魏楮堂说飙车还真的是在狂飙,因为是周末,高速上的车不少,但魏楮堂几个挪位超车一下子就把前面的车甩在了后面,他开车技术没法说,但还是被我妈不咸不淡地说了两句。
我们到了的时候,有特别的人在门口接待我们,我们搭乘电梯,上到了医院的高层,高层病房静得可怕,五步一个黑衣人,十步一个警卫员,监管之严,排场之大,不知道的还以为里面是何等的显贵权臣。

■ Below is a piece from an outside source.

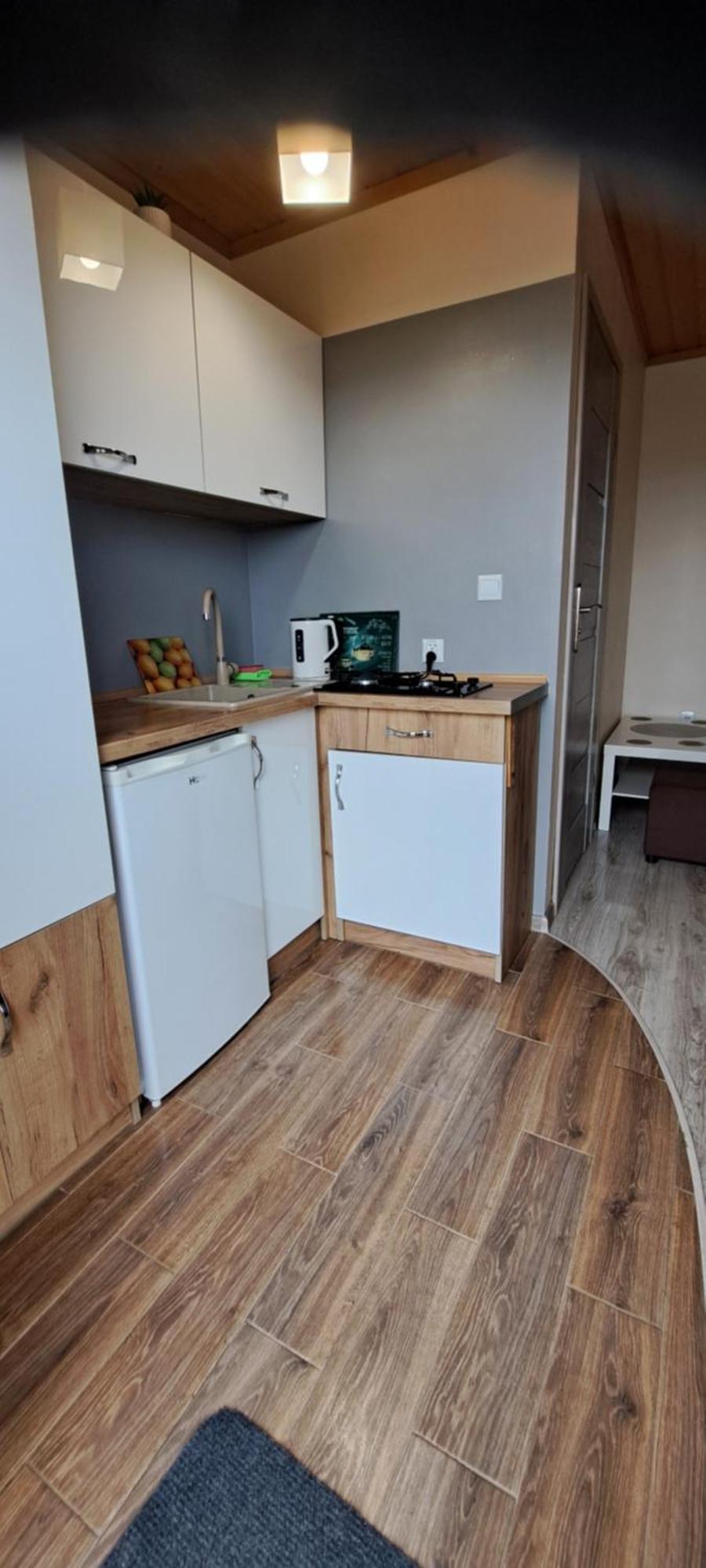 Chrzaszczewo Widokowe Wzgorze 2 Appartement Uherce Mineralne Buitenkant foto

我们被金属探测仪搜测了身,好半天才被他们放进去。病房里的装潢倒一点也不“病”,倒是暖墙灿阳,百合点缀,窗外一派翠绿,活得很。
魏楮堂倒是熟门熟路的,他一露面,没有人敢拦他。我们被魏楮堂引进去,看见里面坐着一个人,面前这人嘴唇微微发白,下颚如削,有点岁月的痕迹,一头黑发里掺杂着几根不明显的银丝。但他却笑脸盈盈,一派悠闲,光是看外表,根本看不出有什么病症。
他旁边站着个人,抱着电脑,似乎在汇报着什么事务。见我们来了,病床上的男人挥挥手就让他出去了。
他牵着微微的笑:“来了?”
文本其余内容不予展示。